Perguntam-se os senhores o que significou ter percebido, através do acaso e do privilégio de uma amizade encontrada, um pouco do que acontecia na música há quase 30 anos? Eu era naquele momento apenas um transeunte retido pela afeição, por uma certa perturbação, pela curiosidade, pelo estranho sentimento de assistir àquilo de que não conseguia ser um contemporâneo. Era uma sorte: a música era então desertada pelos discursos do exterior.
A pintura, naquele tempo, induzia a falar; pelo menos a estética, a filosofia, a reflexão, o gosto —e a política, se tenho boa memória— julgavam-se no direito de dizer algo sobre ela e a tal se obrigavam como a um dever: Piero della Francesca, Veneza, Cézanne ou Braque. O silêncio, todavia, protegia a música, preservando sua insolência. O que era, sem dúvida, uma das grandes transformações da arte no século 20 permanecia fora do alcance para aquelas formas de reflexão que, ao nosso redor, haviam estabelecido seus quartéis, nos quais corríamos o risco de contrair nossos hábitos.

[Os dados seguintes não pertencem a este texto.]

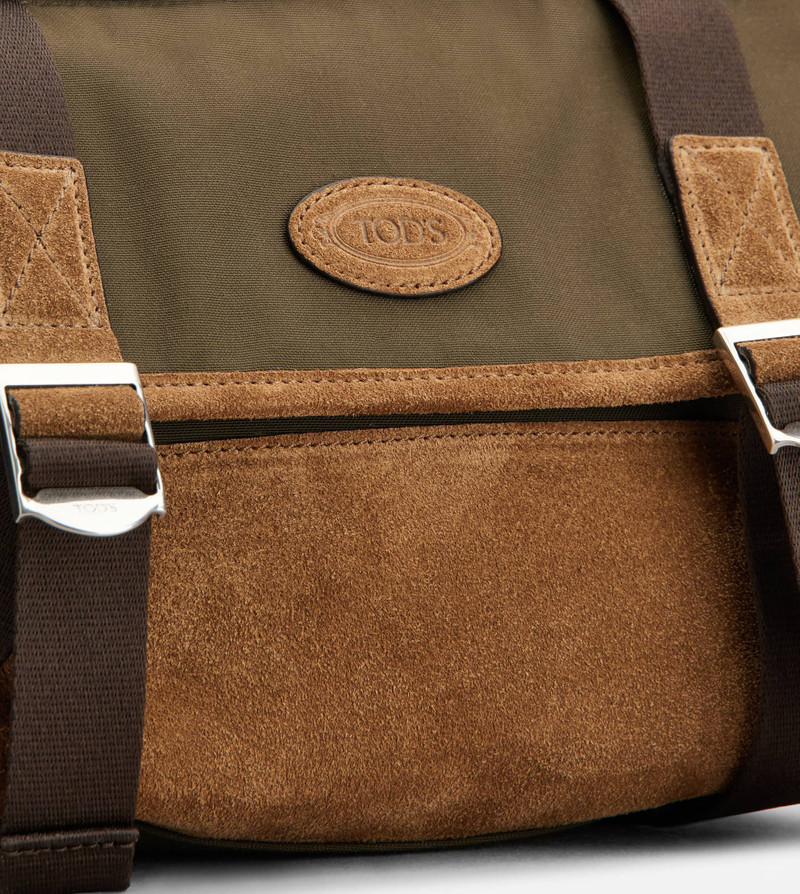 MESSENGER BAG IN FABRIC AND SUEDE MINI - GREEN, BROWN 5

Assim como naquele tempo, não sou capaz agora de falar sobre a música. Sei apenas que o fato de ter adivinhado —e quase sempre pela meditação de outra pessoa— o que se passava no ambiente de Boulez fez com que me sentisse um estranho no mundo de pensamento em que eu fora formado, ao qual continuava a pertencer e que, para mim como para muitos outros, possuía ainda sua própria evidência. É melhor, talvez, que as coisas sejam assim: se eu tivesse tido ao meu redor os meios de compreender aquela experiência teria encontrado talvez apenas uma ocasião de repatriá-la para onde não seria o seu lugar.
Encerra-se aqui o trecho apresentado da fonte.